# Take a Kid Fishing (Higgins Lake)



## mjmmusser (Apr 24, 2005)

Also it is Higgins Lake winterfest, but a friend of mine is setting up a table with a raffle going to Take a Kid Fishing. 

Here is the information from another site.



> The rules for this year!
> 
> 
> 1. This is an open event to all who attend.
> ...


Also donations are welcome for the raffle. If you want to donate, PM me and I will get a hold of my friend and let him know what the donation is.

Hope to see you there.


I forgot to put the date in. 2-20-10


----------



## Mudly (Jul 26, 2009)

Here was my original post on IceShanty!bonk

"The Gathering!" Third Annual! Febuary 20th 2010 Higgins Lake!!!!! 
« on: Mar 02, 2009, 10:33 PM » Remove 

--------------------------------------------------------------------------------
Set your calander for this day. We will once again be having a gathering of sportspeople on the ice. We will have time to meet and greet and time to catch the all mighty smelt. Yes those tasty little critters we all know and love. We will have drawings for gifts just as we had at the 2009 outing. More info will be available in december but for now clear your calander for this date and we look forward to seeing you there!

At last years event I had a door prize give away.

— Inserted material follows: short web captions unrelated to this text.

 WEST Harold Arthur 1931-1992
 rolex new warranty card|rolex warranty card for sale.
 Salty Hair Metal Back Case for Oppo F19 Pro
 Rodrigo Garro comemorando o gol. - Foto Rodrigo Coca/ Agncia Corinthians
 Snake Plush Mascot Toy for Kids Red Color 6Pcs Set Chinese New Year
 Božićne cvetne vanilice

Just show up and you got a ticket for our prize giveaway. 

Just two weeks before the Event a friend said you should charge for give the tickets and then make a donation to a fishing cause with the money but it was to late as I had already told everyone obout the door prize raffle.

Although I thought it was a great idea.

After some thought, I decided I should put on an event from donations so that I/we can see the benefit of the donations made.

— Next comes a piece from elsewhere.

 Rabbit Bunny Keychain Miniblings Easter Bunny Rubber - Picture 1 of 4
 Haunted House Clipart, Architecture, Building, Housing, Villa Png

That's where I came up with taking donations to hold a Teach a Kid to Fish event. Where anyone can come and see or help out with teaching kids how to fish and supplying everything that is needed to have a fun filled day of fishing.

I hope to introduce many new young anglers to the sport of fishing. I hope I can reach single moms with sons and those who don't know how to fish with children and itroduce them to fishing with a hands on event.

Many of my freinds have said that they would love to help out teaching the kids.

I have been over welmed with the generosity of companies and sportsman giving to The Gathering this year. I just can't thank sports man enough.

New donations are also welcome and can be given right at the event as most are doing.

As a Thank You for making a monetary donation towards the "Teach a Kid to Fish!" event I am thanking you by giving you a ticket for a drawing of company and individual given items. Some may be used but not used up.

If you just stop by and say Hi you can walk away with a warm heart knowing that you were at the event that will teach a kid to fish.

Thank you 
Mud_n_fun


----------



## Flag Up (Feb 15, 2009)

Mud glad to see you made the migration. Been here for a year or so. This place is not to bad. Several others are around.

Fish Killa


----------